Fix absolutize URL for several cases #861

Alkarex · 2024-04-05T22:17:36Z

There were a number of bugs related to the fact that Item::get_links() and Item::get_base() call each-other, making a nice mess during initialisation. See tests.

Furthermore, the standard Atom 1.0 self link was not supported for absolutize URL, wrongly using only alternate. In the same PR because otherwise the tests from both PRs would fail.

There were a number of bugs related to the fact that `Item::get_links()` and `Item::get_base()` call each-other, making a nice mess during initialisation. See tests. Furthermore, the standard Atom `self` link was not supported, wrongly falling back to `alternate`. In the same PR because otherwise the tests from both PRs would fail.

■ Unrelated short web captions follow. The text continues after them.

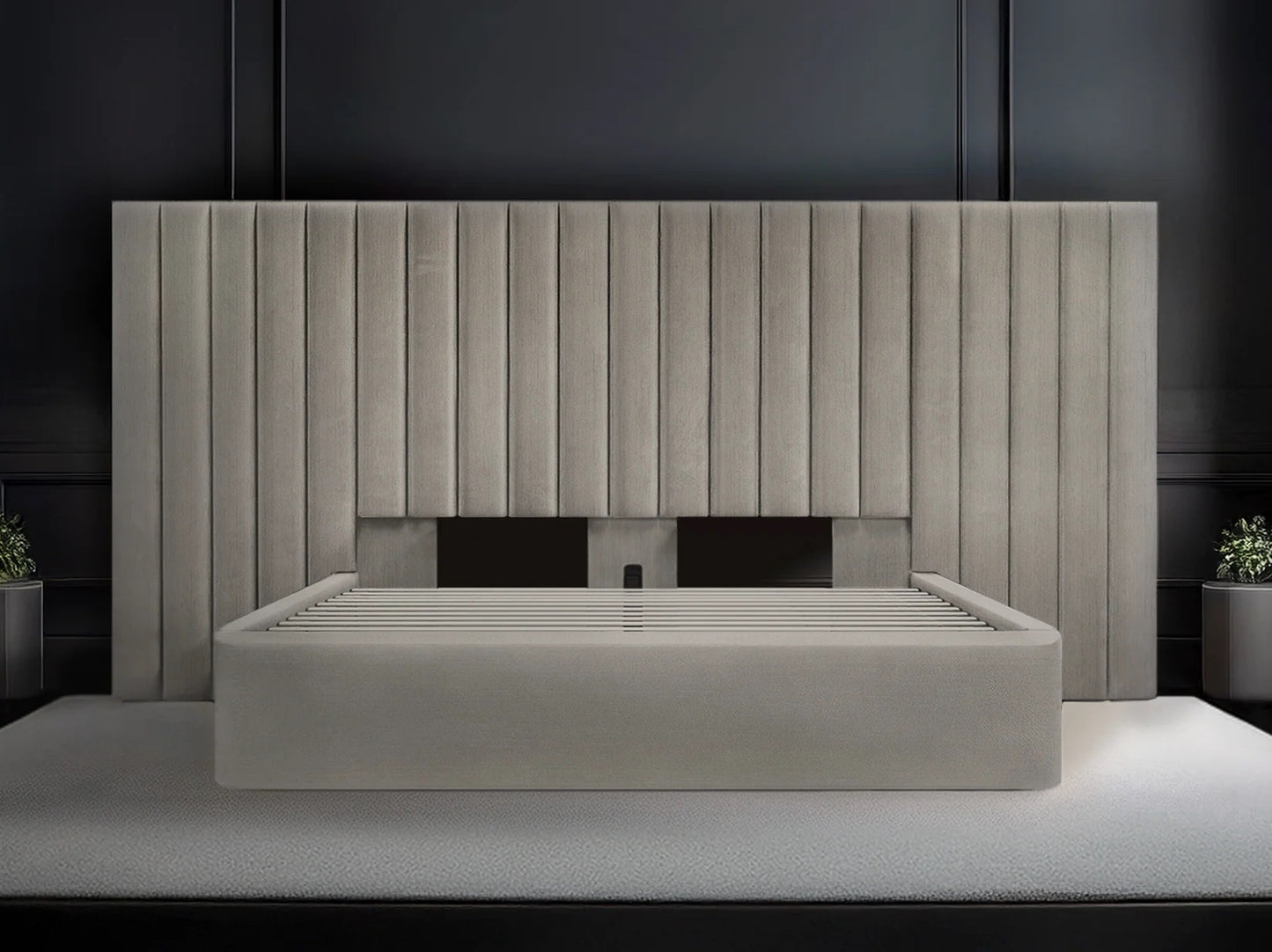 Modern bed with a large headboard in a dark room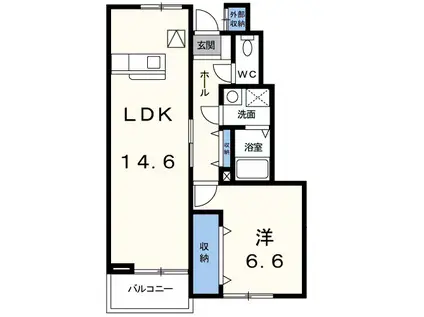 ラフィネ安曇野(1LDK/1階)の間取り写真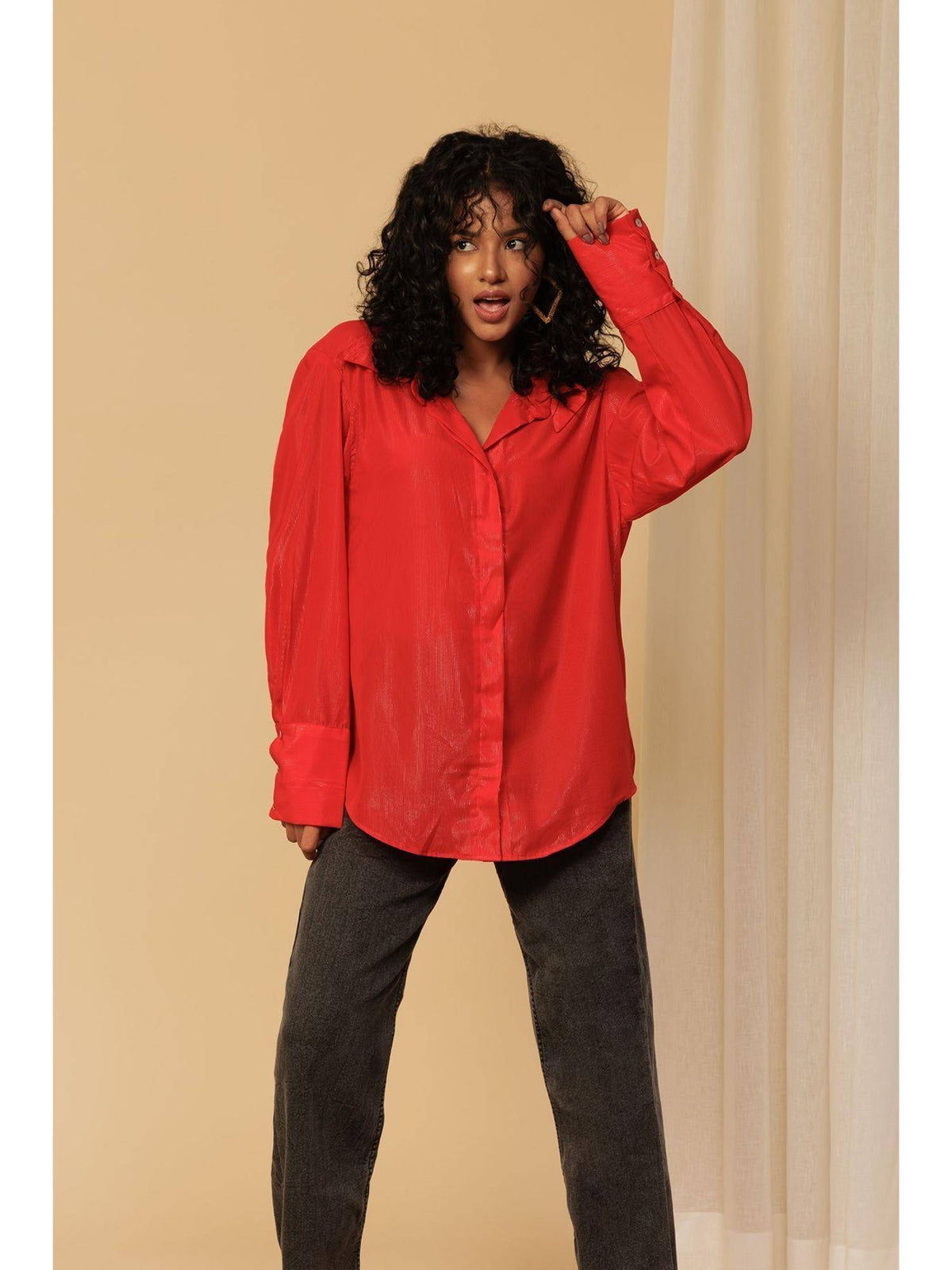 Women Black Embellished Casual Shimmer Shirt | S67 - view 17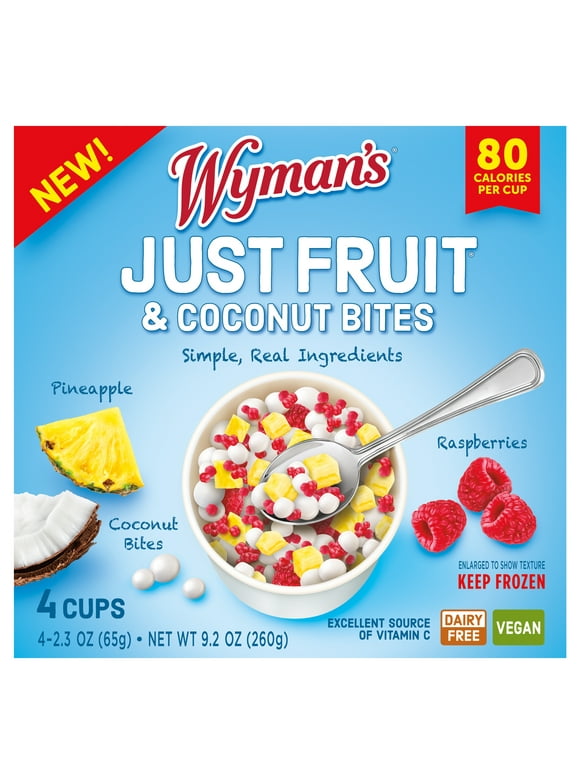 Wyman's Just Fruit & Coconut Bites with Pineapple and Raspberry, 4 Pack of 2.3 oz Cups (Frozen)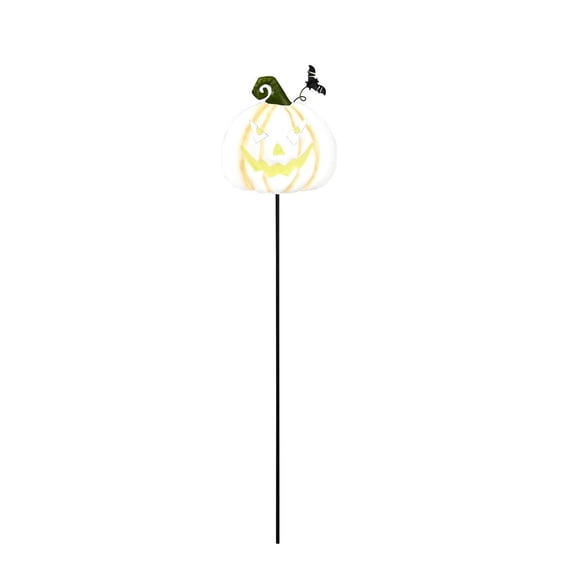 Metal Pumpkin Yard Stake White Jack O Lantern Halloween Outdoor Decoration for Front Yards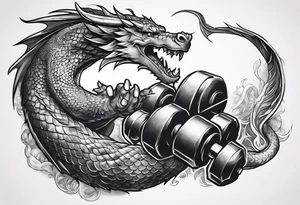 Hand of dragon with dumbbell tattoo idea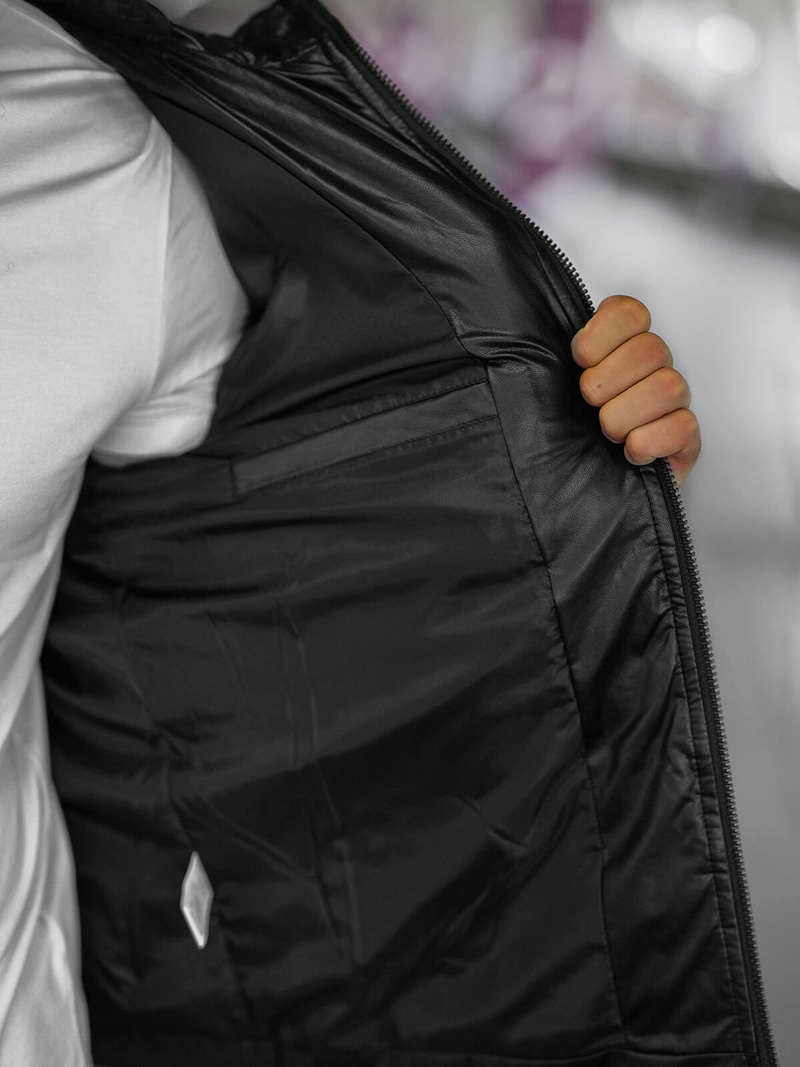 Muška kožna jakna crna OZONEE O/11Z8088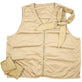 Beige evaporative cooling vest paired with evaporative cooling wrist and neck wraps on a white background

Alkarex · 2024-04-05T22:22:33Z

Running the additional tests without the patches returns:

There were 4 failures:

1) SimplePie\Tests\Unit\EnclosureTest::test_get_link with data set "Test RSS 2.0 with channel link and enclosure" ('            <rss version="2.0...</rss>', 'http://example.net/images/3.jpg')
Failed asserting that two strings are identical.
--- Expected
+++ Actual
@@ @@
-'http://example.net/images/3.jpg'
+'/images/3.jpg'

/home/alex/GitHub/simplepie/tests/Unit/EnclosureTest.php:40

2) SimplePie\Tests\Unit\EnclosureTest::test_get_link with data set "Test RSS 2.0 with Atom channel link and enclosure" ('            <rss version="2.0...</rss>', 'http://example.net/images/4.jpg')
Failed asserting that two strings are identical.
--- Expected
+++ Actual
@@ @@
-'http://example.net/images/4.jpg'
+'/images/4.jpg'

/home/alex/GitHub/simplepie/tests/Unit/EnclosureTest.php:40

3) SimplePie\Tests\Unit\ItemTest::test_get_permalink with data set "Test RSS 2.0 with channel link and enclosure from another domain" ('<rss version="2.0" xmlns:medi...</rss>', 'http://example.net/tests/1/')
Failed asserting that two strings are identical.
--- Expected
+++ Actual
@@ @@
-'http://example.net/tests/1/'
+'http://example.com/tests/1/'

/home/alex/GitHub/simplepie/tests/Unit/ItemTest.php:3436

4) SimplePie\Tests\Unit\ItemTest::test_get_permalink with data set "Test RSS 2.0 with Atom channel link and relative enclosure" ('<rss version="2.0" xmlns:atom...</rss>', 'http://example.net/tests/2/')
Failed asserting that two strings are identical.
--- Expected
+++ Actual
@@ @@
-'http://example.net/tests/2/'
+'/tests/2/'

/home/alex/GitHub/simplepie/tests/Unit/ItemTest.php:3436

FAILURES!
Tests: 2044, Assertions: 2926, Failures: 4.
Script phpunit handling the test event returned with error code 1

Alkarex · 2024-04-05T22:40:52Z

tests/Unit/EnclosureTest.php

+ yield 'Test RSS 2.0 with channel link and enclosure' => [
+ <<<XML
+ <rss version="2.0" xmlns:media="http://search.yahoo.com/mrss/">
+ <channel>
+ <link>http://example.net/tests/</link>
+ <item>
+ <link>/tests/3/</link>
+ <media:content url="/images/3.jpg" medium="image"></media:content>
+ </item>
+ </channel>
+ </rss>
+XML
+ ,
+ 'http://example.net/images/3.jpg',
+ ];


This was the original bug I faced, which had me investigate the issue (which turned out to be more severe and complex than anticipated...)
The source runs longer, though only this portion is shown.